Saturday, 11 July 2009

La bestia nell spazzo / Beast in Space

Beast in Space is a title that raises a question: Who, or what, is The Beast?

Well, to explain: The Beast was a 1975 film by Walerian Borowczyk, an offshoot from the previous year's Immoral Tales. It presented a distinctly adult version of the beauty and the beast myth, in which a young heiress fantasised about an 18th century French noblewoman Romilda de l'Esperance's dalliances with a prodigiously endowed bear-like creature, with these encounters then proving to have placed a curse on the noble family, including her feeble-minded, be-tailed husband to be, Mathurin de l'Esperance.

It is not exactly an obvious piece of material to combine with space opera, even if the form does affords the possibility by virtue of going "to explore strange new worlds; to seek out new life and new civilizations [...] where no man has gone before," just as the presence of The Beast's Sirpa Lane explains the thinking behind the title.

Beast in Space could perhaps have just about worked worked as a parody or a sex film, as the two options its model presents. It is neither. Instead it's a space adventure that's played essentially straight, even when the most ridiculous pseudo-scientific dialogue is being spoken. But it definitely isn't suitable for children on account of the nudity and sex scenes. These scenes themselves present an odd combination of softcore and hardcore material to further distancing the film from mainstream audiences whilst probably being insufficient for their raincoater counterparts.

Though the DVD of the film presents two and a half minutes of generally harder material as deleted scenes, these images are largely indistinguishable from what appears in the film itself, being close-up of genitalia and mouths that are never re-attached to a specific body via pans, only cuts, in that time honoured inserts manner.

Beast in Space might also have worked had Lane had the kind of name and recognition value that could be used to actually sell it, a la Laura Gemser or Sylvia Kristel.

But in The Beast Lane played the noblewoman without dialogue and in the kind of 18th century wigs and underwear that don't really allow for making any immediate connection to her character here, whether she's wearing a flimsy about-to-come-off dress or a figure-hugging space/jump-suit and helmet. True, Lane had been more exposed as herself in the likes of Nazi Love Camp 27 and Papaya of the Caribbean in the interim, but these were hardly productions with the same kind of profile as The Beast and her debut film, Roger Vadim's 1974 The Assassinated Young Girl.


The poster

The plot, that thing which provides an excuse for the inanity and the sex, sees the crew of the MK31, led by Captain Larry Madison (Vassili Karis) being sent on a mission to the planet Lorigon where a rare and strategically vital metal, Entalium, is to be found.

Rivalling them in the race is the Han Solo-esque rogue Juan Cardoso (Venantino Venantini).

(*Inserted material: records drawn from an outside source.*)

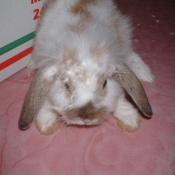 Photo de Lapin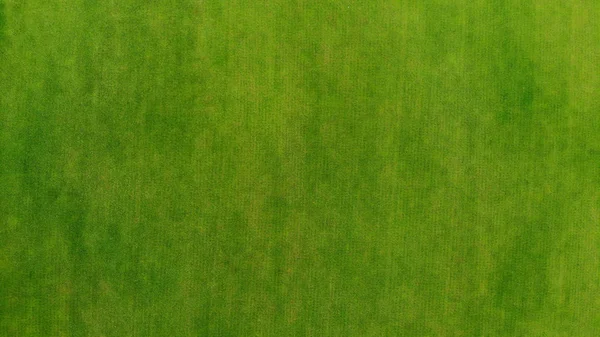 空中だ 緑の草の質感の背景 ドローンからの眺め — ストック写真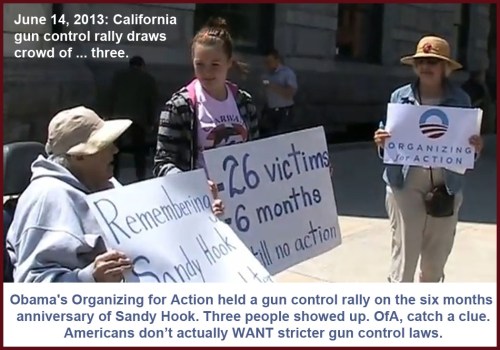 2013_06 14 OfA gun control rally a bust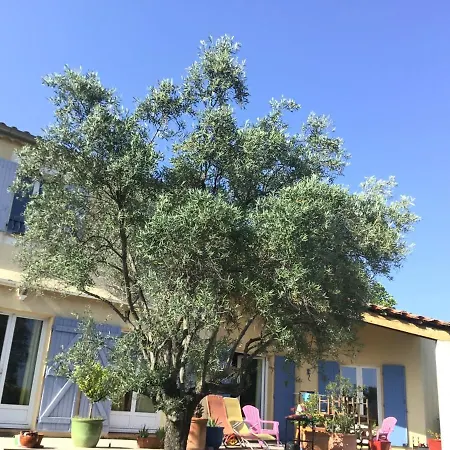 Belle Avec Piscine Villa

A personal edge to the rivalry is provided by the fact that Madison and Cardoso have already come to blows with one another over their rival positions - Madison doesn't like civilians and Cardoso doesn't like the space navy - and sexual possession of the beautiful Sondra Richardson, a lieutenant aboard the MK31 (Lane).

Lt Richardson finds herself plagued by strange dreams - some culled from Borowczyk's film, including the horse copulation footage - in which she encounters a giant robot, has sex with a hairy man-beast in some woods, and generally sees the crew of the MK31 (who also include Marina Frajese) going at it like their lives depended on it...

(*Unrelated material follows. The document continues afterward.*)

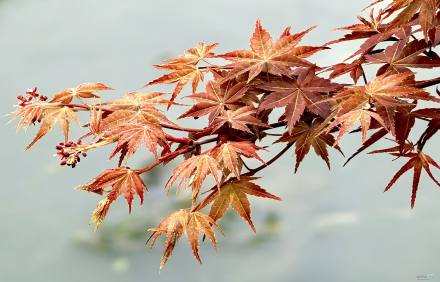 春之枫叶红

The MK31 is drawn towards a mysterious planet Lorigon where they re-encounter Cardoso, who has got there first, and his host and friend Onaf (Claudio Undari), one of the figures from Lt. Richardson's vision...

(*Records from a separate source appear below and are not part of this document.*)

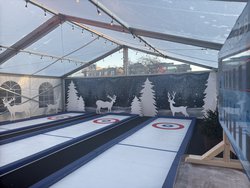 Synthetic Curling Lanes For Sale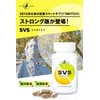 【集中力 やる気 学習 ドーパミン セロトニン 健康総合力 サプリ】キロン SVS イチョウ葉 120mg
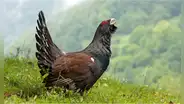 Gastaron más de 5 millones de dólares para liberar a 30 gallos en España y en seis meses solo sobrevive uno: ¿qué pasó?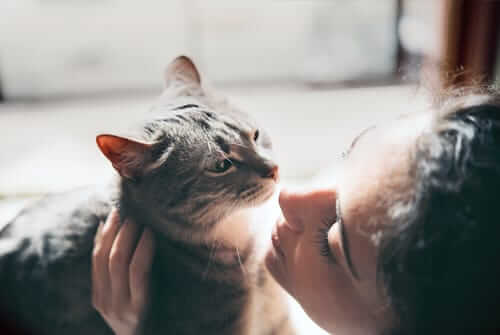 Cat Rescue Receives Foundation Funding Award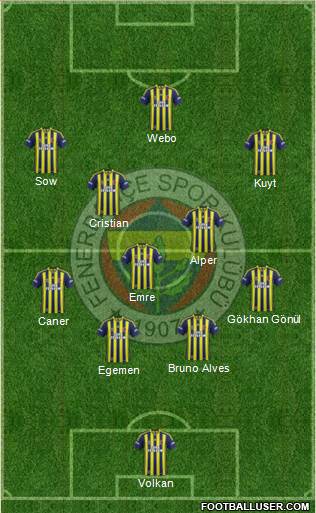 Fenerbahçe SK Formation 2013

There are probably all sorts of subtexts that could be drawn out of The Beast in Heat - the implied existence of a primitive subconscious, with creatures and planets from the id even in the ostensibly civilised far future; the relationship between the military industrial complex and the rest of the world (or indeed universe) - but it's questionable whether the film-makers ever seriously thought about them.

Or, to paraphrase Freud, sometimes a light sword is just a light sword...

What's there, then, are the surface pleasures: the bad dialogue (this must be the only film where someone actually says "Quickly! A bottle of Uranus milk!" with a straight face), acting, costumes, production design, effects, direction and scoring (courtesy of the inimitable Pluto Kennedy).

Or, in other words, one hell of a lot for the Euro-trash fan, especially if he or she is already familiar with any of director Al Brescia's other sci-fi epics of this period.